Whereas Maundy Thursday is a solemn day marking the Last Supper, the washing of the disciples' feet, the institution of the priesthood, and the events at the Garden of Gethsemane, Corpus Christi focuses solely on the Last Supper. In fact, "Corpus Christi" is the Latin phrase for "Body of Christ." The holiday has been observed since 1246, when the first celebration was held at St. Martin's Church in Liège, Belgium. The start of the day can largely be attributed to Juliana of Liège, who longed for a day dedicated to the Eucharist that wasn't during Lent and spent about 40 years working to start the day. The holiday is celebrated on the Thursday after Trinity Sunday around the world and in some parts of the United States. It is celebrated on the Sunday after Trinity Sunday in some other parts of the United States. With the Catholic liturgical reforms of 1969 under Pope Paul VI, nations were allowed to move the day to the Sunday following Trinity Sunday, instead of being required to observe it on the Thursday after that Sunday.

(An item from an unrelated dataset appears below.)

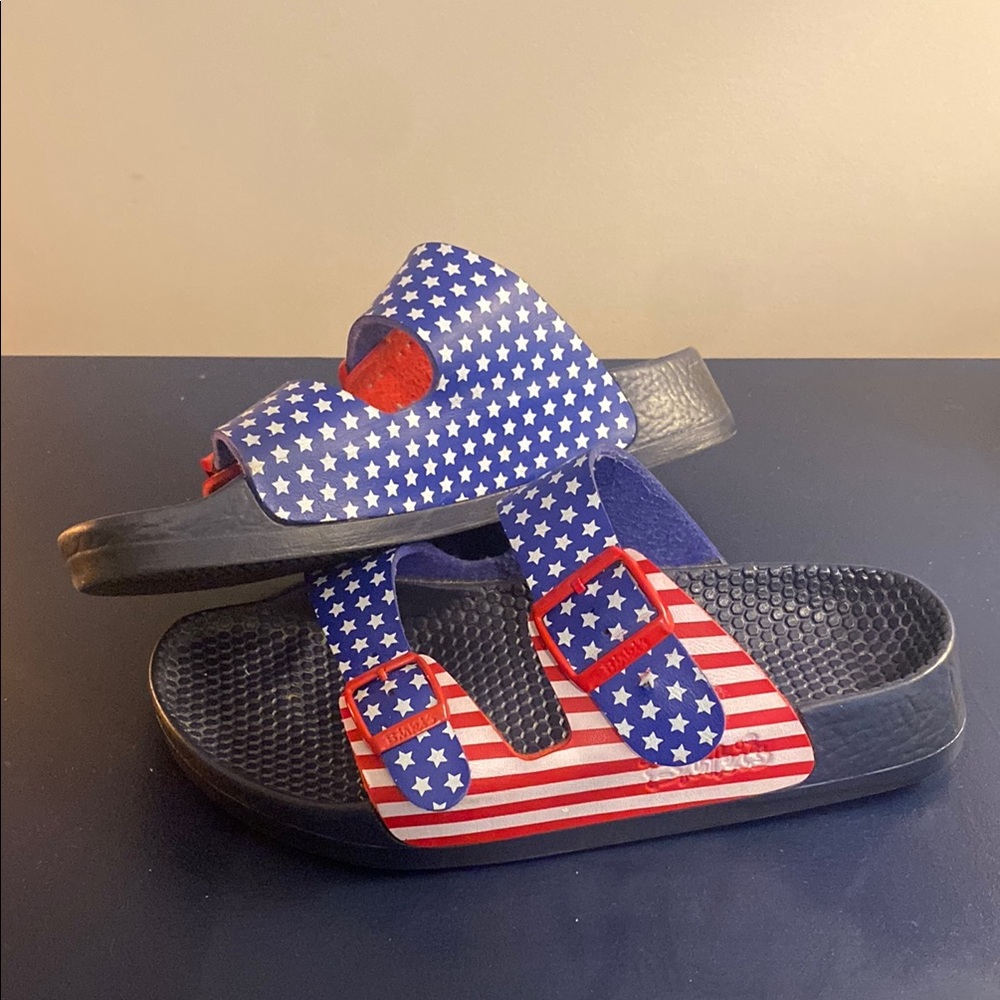 Ladies American Flag Birkies Size 8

On the day, Catholics and other Christians receive Holy Communion. Children often celebrate their first Communion on the day. Various traditions are followed around the world. In some countries, consecrated bread is paraded through the streets, by priests carrying it in a monstrance. In Spain and in Provence, France, elaborate processions include saints and characters from the Bible, and the path is laid with wreaths and flowers. In Rome, the Pope presides over a procession. In Portugal, the day is known as Día de Corpo de Deus and has been a major observance since medieval times. Processions are an important part of the observation in Mexico as well.
In Germany, the sacrament and holy symbols are carried through villages, on streets decorated with flowers and greenery. Children dress in white and wear flower wreaths, and accompany priests and women who wear regional costumes. In some parts of the country, such as Bavaria, processions are on lakes and involve boats, instead of being on the streets. In Switzerland, processions are filled with clergy in robes, soldiers in historic uniforms, and others in regional costumes.
How to Observe Corpus Christi
If you are Catholic or belong to another Christian denomination that observes the day, take the opportunity to receive Holy Communion. If you have a child, perhaps they will have their first Communion today. No matter your religious beliefs, you could attend a Corpus Christi procession. Another idea to celebrate the day could be to visit Corpus Christi, Texas. Both Corpus Christi Bay and the city are named after the holiday. On today's date in 1519, Alonzo Alvarez de Pineda found a bay on what is now the southern coast of Texas. A city eventually grew there, and the city and the bay were given the name Corpus Christi.